**RECORD SET**
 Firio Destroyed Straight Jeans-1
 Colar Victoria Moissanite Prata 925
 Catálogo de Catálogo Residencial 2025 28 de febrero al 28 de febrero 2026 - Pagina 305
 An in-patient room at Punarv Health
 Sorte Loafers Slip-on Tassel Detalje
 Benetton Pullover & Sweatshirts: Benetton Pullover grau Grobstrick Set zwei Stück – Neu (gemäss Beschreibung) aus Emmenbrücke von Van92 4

--

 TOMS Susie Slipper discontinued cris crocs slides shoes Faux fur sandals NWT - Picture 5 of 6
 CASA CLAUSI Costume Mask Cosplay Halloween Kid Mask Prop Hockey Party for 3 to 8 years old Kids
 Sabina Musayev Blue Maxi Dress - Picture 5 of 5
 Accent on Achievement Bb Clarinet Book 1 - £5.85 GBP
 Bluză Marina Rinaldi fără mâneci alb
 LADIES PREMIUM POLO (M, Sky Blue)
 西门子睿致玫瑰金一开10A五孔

...

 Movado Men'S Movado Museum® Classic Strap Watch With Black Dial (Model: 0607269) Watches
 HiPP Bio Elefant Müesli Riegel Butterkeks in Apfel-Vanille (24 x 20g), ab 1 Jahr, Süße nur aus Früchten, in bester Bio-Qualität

**AIM OF THE TASK**
Only lines holding the word "Picture" are wanted; list them all from the material.

**TASK ANSWER**
 TOMS Susie Slipper discontinued cris crocs slides shoes Faux fur sandals NWT - Picture 5 of 6
 Sabina Musayev Blue Maxi Dress - Picture 5 of 5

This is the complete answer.